Friday, September 28, 2007

A time and place for all things.

I wouldn't even know where to begin if I indeed had the time to spill forth all of the thoughts I'm warring with in my head and heart. I've stepped on some toes this week...some regretfully, others unknowingly. There are those things I wish that I was brave enough to exclaim loudly, awarding them the legacy of resounding echoes, and others I wish I had never uttered [or otherwise communicated]. at all. I've wanted to hang up in mid-sentence - Oh! the temptation of an effortless flip of wrist. I've wanted to [and may or may not have] shed tears of absolute frustration...or was it a mere imbalance of hormones? I've been tempted to shatter fragile things, and indulge in the gluttony of gentle affection, and not to honor obligations.

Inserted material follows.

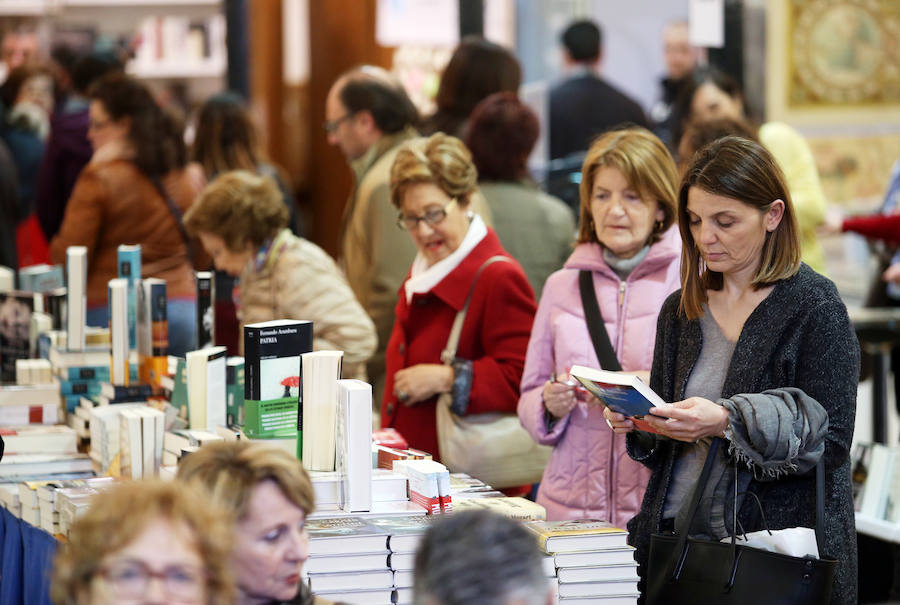 La feria vuelve un año más con el objetivo de rendir homenaje a la lectura. Permanecerá abierta hasta el domingo 13 de mayo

I'm not perfect and I hate that.

There's this passage in the opening paragraph of Hornby's, How to be Good that I've just recalled. It's both sobering and reflective of the human condition [and it's how I feel right this very second]. Sometimes terrible thoughts are thought and things are said or done, or not done or said, and you can't believe the moment has just transpired. Regardless of preference, it's done or lost, and you are the doer or the loser or the thinker or the "bad guy." Maybe it matters, maybe it doesn't, but it's You for better or worse:

"Even though I am, apparently, and to my surprise, the kind of person who tells her husband that she doesn't want to be married to him anymore, I really didn't think I was the kind of person to say so in a car park, on a mobile phone. That particular self-assessment will now have to be revised, clearly. I can describe myself as the kind of person who doesn't forget names, for example, because I have remembered names thousands of times and forgotten them only once or twice. But for the majority of people, marriage-ending conversations happen only once, if at all. If you choose to conduct yours on a mobile phone, in a Leeds car park, then you cannot really claim that it is unrepresentative, in the same way that Lee Harvey Oswald couldn't really claim that shooting presidents wasn't like him at all. Sometimes we have to be judged by our one-offs."